With Zosimoff gone, the trail of blood was gone also. Maybe the shark was full now. Maybe the shark had lost him, but he knew if it wanted him it would return. The eyesight of a shark isn’t what takes it to its prey. It is the smell riding the currents, or the out-of-synch vibration created by a human in the water, or a combination of both.

He stretched his left arm out as his right came back alongside, the knife held blade-outward so he wouldn’t cut himself. He did not want to stop to put it back in the scabbard, and then, if the shark returned, he wouldn’t have time to reach it again.

His right leg came up as his left leg went down, the flippers propelling him forward. One thing the encounter had done was cause Gromeko to lose track of time. What if he had swum over the K-122 and was now working his way into the center of Subic Bay?

The blow came suddenly along the same side as before, knocking Gromeko end over end. Instinctively he tightened his hold on the knife. The rough skin of the shark rubbed along the suit, doing the “taste test.” Gromeko’s arms and legs spread out, helping him regain his balance. He treaded water a second or two, until he recalled that the shark had come from below to take Zosimoff. He turned upside down, holding the knife tightly, waiting for the attack.

It came as suddenly as the taste test, emerging a few feet from him, the faint light from above casting a pale gray shadow across the creature’s opened mouth.

“Hammerhead” flashed through Gromeko’s mind even as he rolled to the left.

His knife cut a narrow slash through the part of the shark where its right eye lay. The shark twisted back and forth as it moved to the left, away from Gromeko. The tail caught him again, knocking out his mouthpiece.

Water flooded his mouth before Gromeko could stop his inward breath. He coughed as he fought to get his mouthpiece reseated. The knife hit his temple in the effort. Blood in the water would only help the hammerhead find him again, but he had no time to think about whether he had accidentally cut himself or not.
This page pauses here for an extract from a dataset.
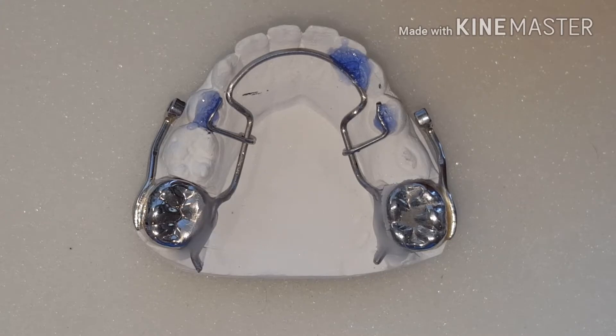Hi, this is Steve Zahra from Zahra Dental Lab. In this video there will be a short overview on how to protect your solder joints from being overheated with heat shield.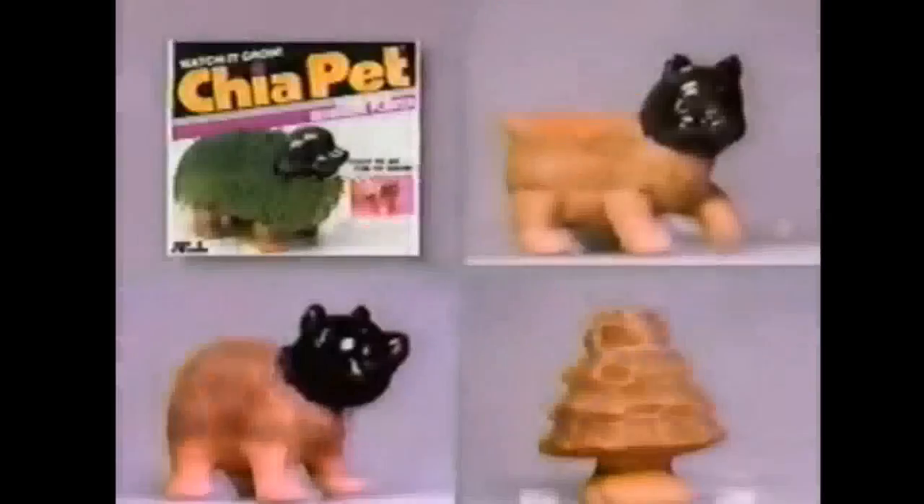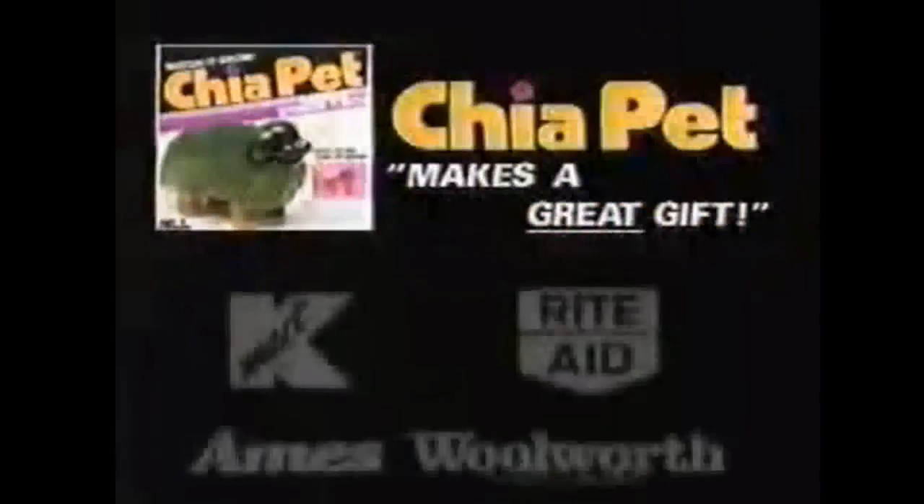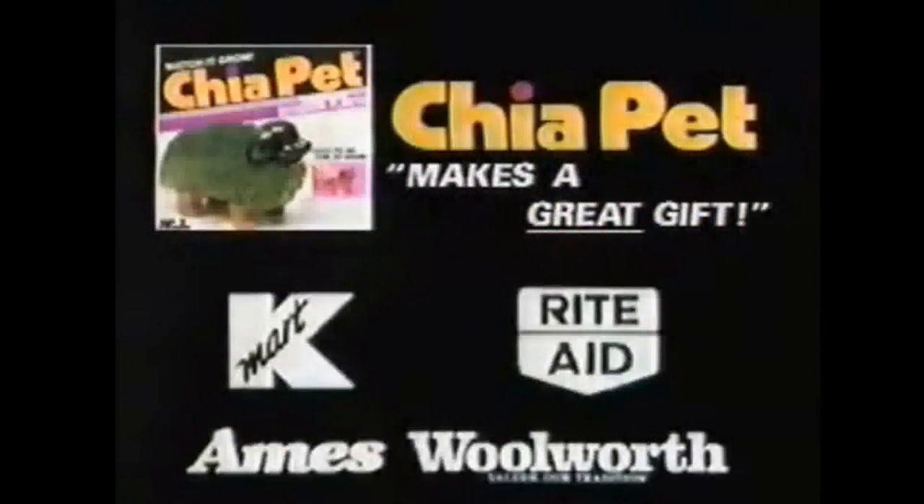Keep your pets company. Chia Pets and Trees, the pottery that grows. The Chia Pet and Chia Tree are available at Kmart, Rite Aid, Ames, and Woolworth. Makes a great gift.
He treaded water, upside down, waiting for the next attack. After about a minute when nothing happened, Gromeko forced himself to look at his compass and continue in the direction in which he hoped the K-122 waited. The drumming of his heartbeat filled his ears. He had fought a giant shark. Whether he had won or not would be determined by whether he was standing inside the submarine.

* * *

“Raise the communications antenna,” Bocharkov ordered, leaning back from the periscope.